_What you should do_
Below are some records. Return exactly the lines from the one containing "Abstract Cottage #011 - Kanvah" through the one containing "Bershka online knitwear cardigan", both included, and only those.

_Records provided_

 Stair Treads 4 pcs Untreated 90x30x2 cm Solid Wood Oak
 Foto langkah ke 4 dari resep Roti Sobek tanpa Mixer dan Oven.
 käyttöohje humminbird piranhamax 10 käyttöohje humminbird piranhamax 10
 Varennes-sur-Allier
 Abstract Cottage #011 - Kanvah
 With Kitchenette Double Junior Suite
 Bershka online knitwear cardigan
--
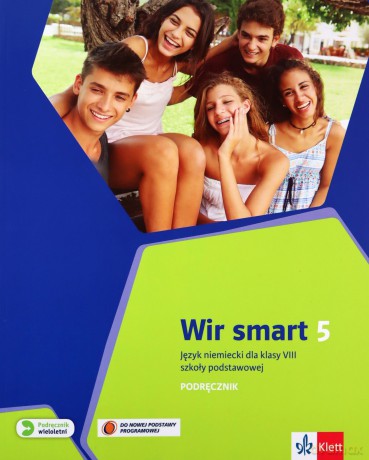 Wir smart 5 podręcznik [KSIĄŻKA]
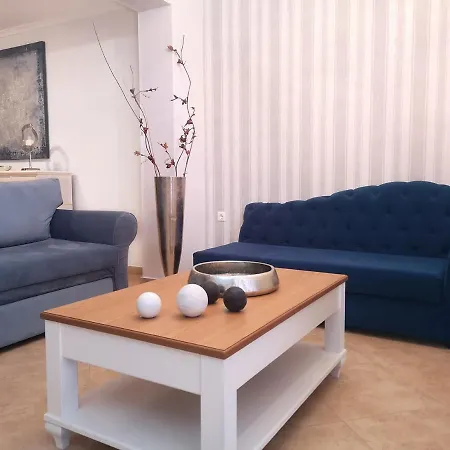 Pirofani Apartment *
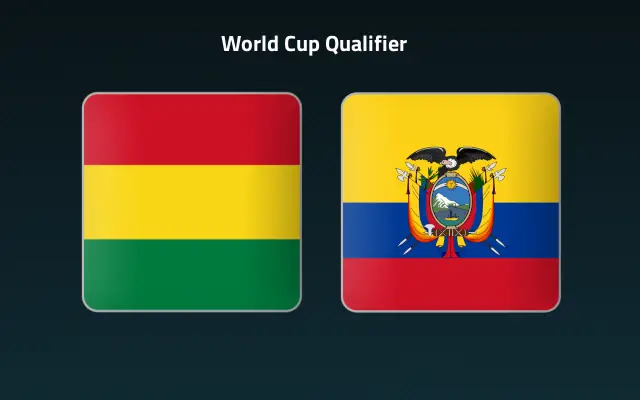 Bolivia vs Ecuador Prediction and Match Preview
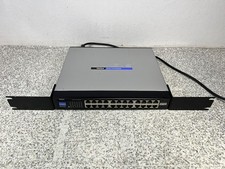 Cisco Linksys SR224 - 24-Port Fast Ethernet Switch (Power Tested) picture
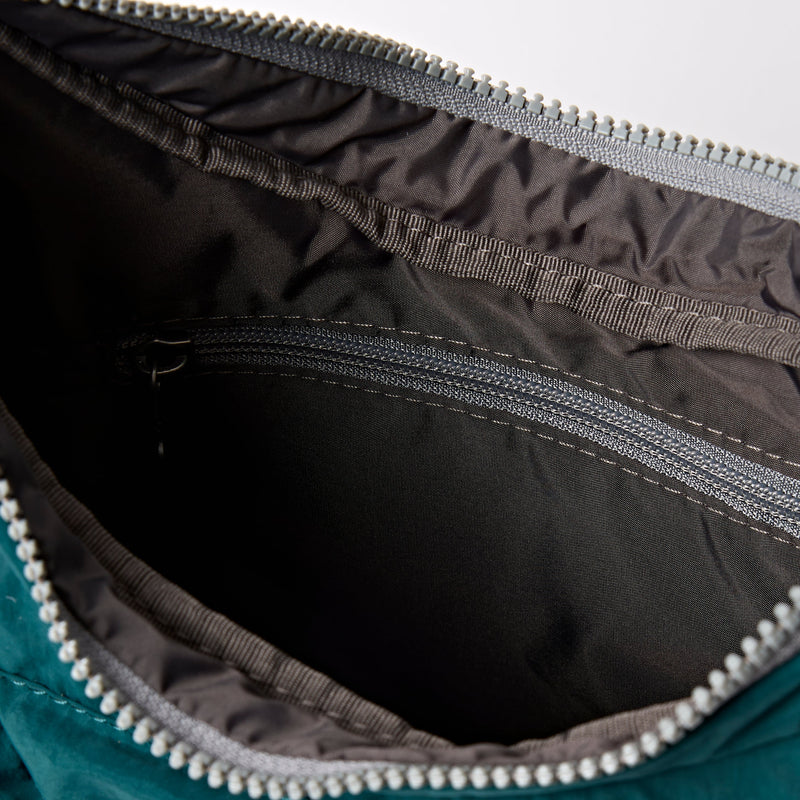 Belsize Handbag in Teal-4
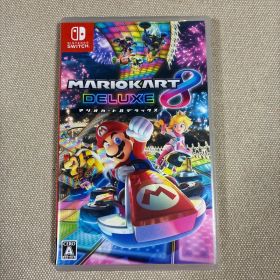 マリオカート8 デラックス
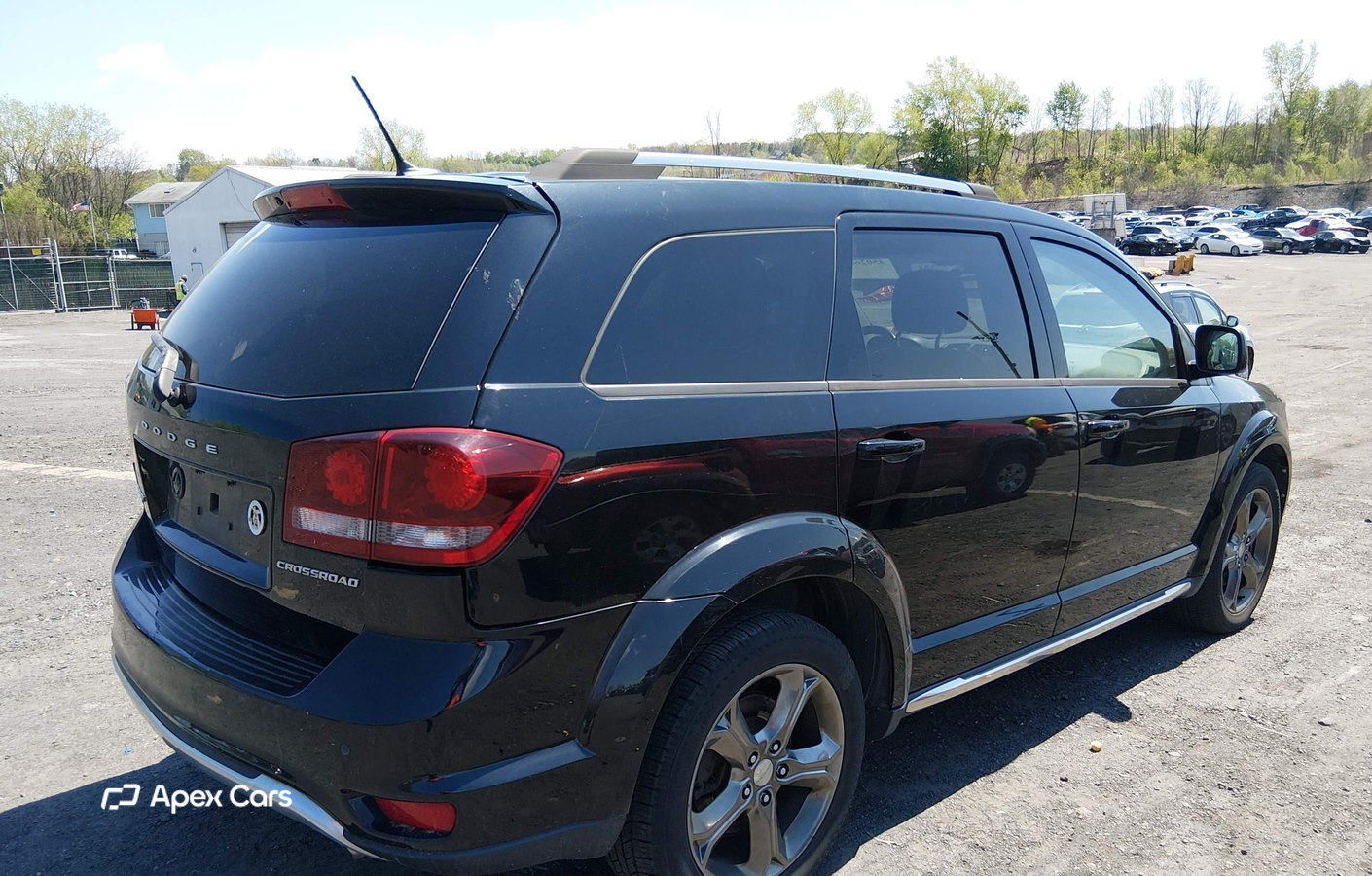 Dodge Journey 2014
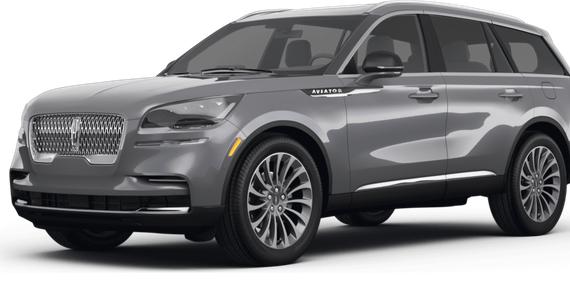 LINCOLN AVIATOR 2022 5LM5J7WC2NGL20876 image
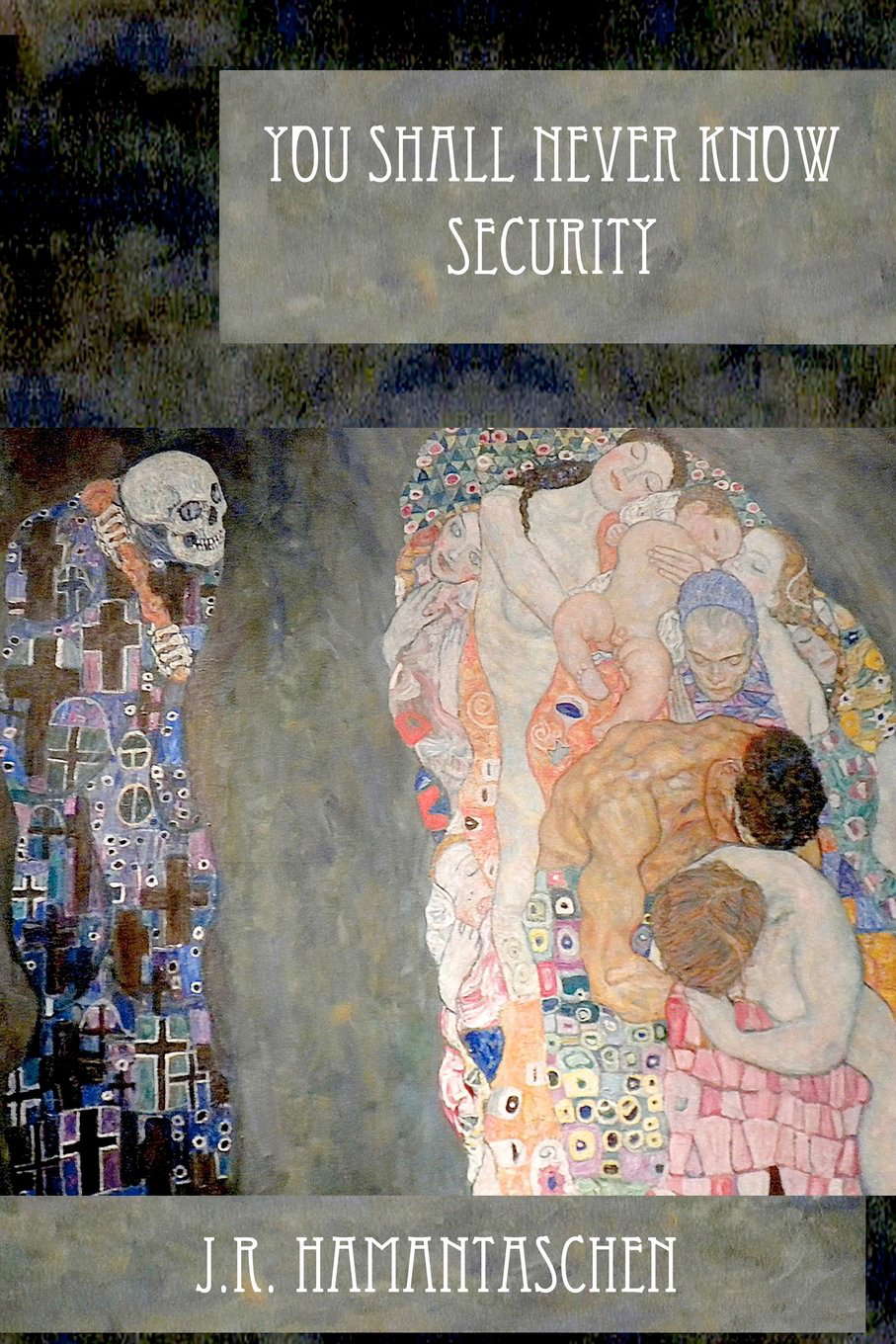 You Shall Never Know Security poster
---
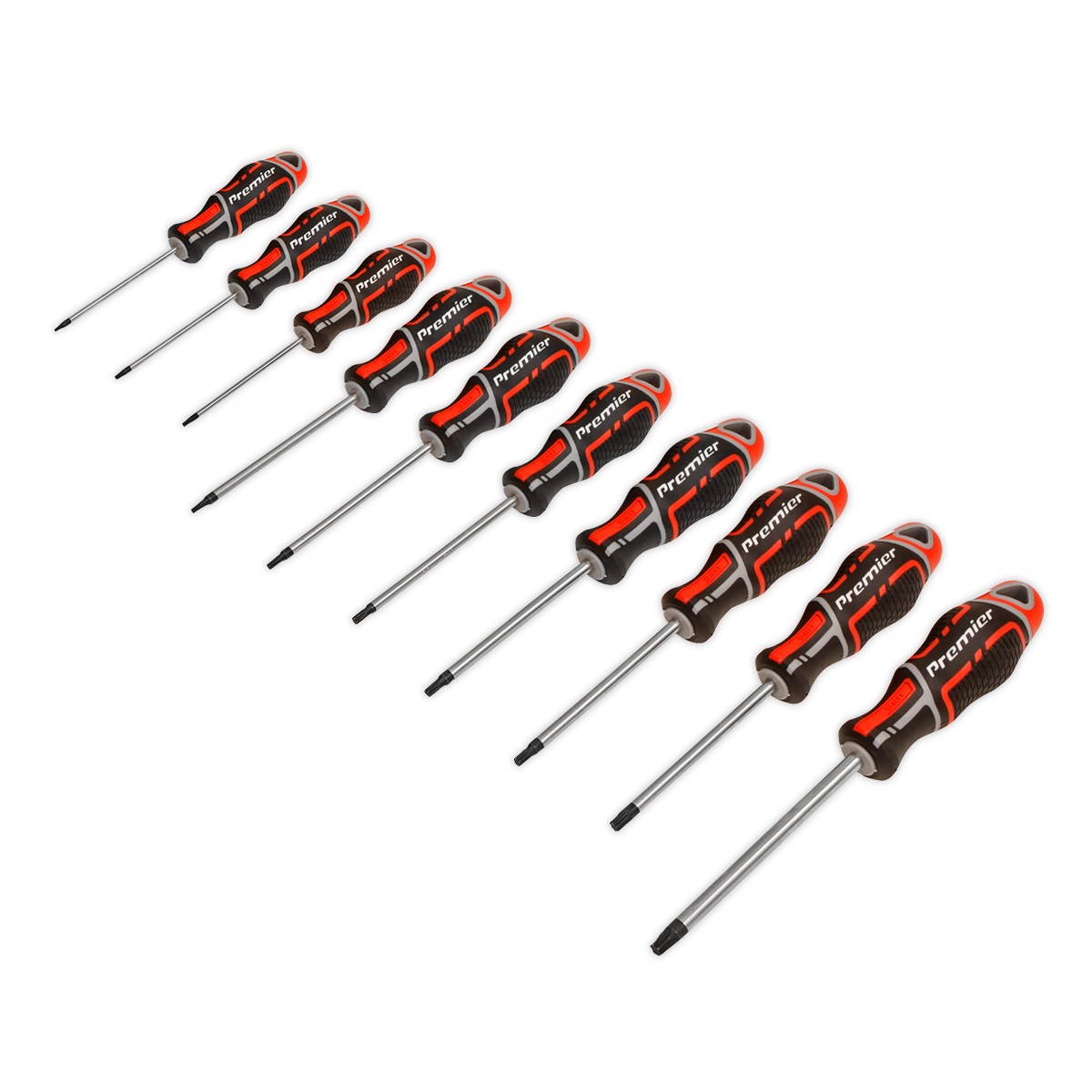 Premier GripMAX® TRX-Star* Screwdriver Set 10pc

_Expected answer_
 Abstract Cottage #011 - Kanvah
 With Kitchenette Double Junior Suite
 Bershka online knitwear cardigan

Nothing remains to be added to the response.